Tuesday, October 31, 2006

"If European governments fail to improve the anemic economic performance described by Tyler, and remain unable to assimilate Muslim immigrants effectively, there is a real chance that voter frustration will increase, and the far right or far left will successfully exploit it and eventually come to power in one or more major European nations - with potentially disastrous results. Many of those Europeans who vote for extremist parties are probably just "protest voting" and do not actually endorse their platforms in full. But the same was probably true of many of the Germans who "protest-voted" for the Nazis and Communists during the Weimar Republic (as Richard Evans suggests in this recent book). The results this time around probably will not be as bad as what happened in the 1920s and '30s, but neither will it be pretty.

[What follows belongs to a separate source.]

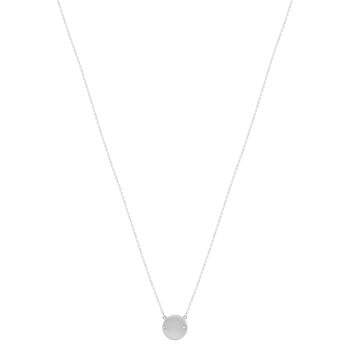 Collier argent 925 45cm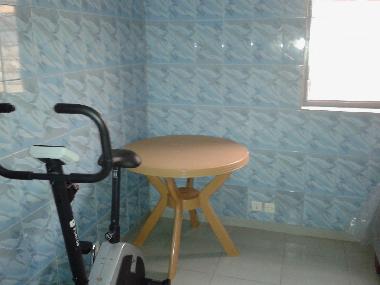 Casa de vacaciones en Av�pozo Lom� (Lome)Casa de vacaciones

[ Which brings to mind the following from Tom Wolfe: "For the past hour, I have my eyes fixed on the doors here," he said. "You talk about fascism and police repression. In Germany when I was a student, they come through those doors long ago. Here they must be very slow."

Grass was enjoying himself for the first time all evening. He was not simply saying, "You really don't have so much to worry about." He was indulging his sense of the absurd. He was saying: "You American intellectuals — you want so desperately to feel besieged and persecuted!"

He sounded like Jean-François Revel, a French socialist writer who talks about one of the great unexplained phenomena of modern astronomy: namely, that the dark night of fascism is always descending in the United States and yet lands only in Europe.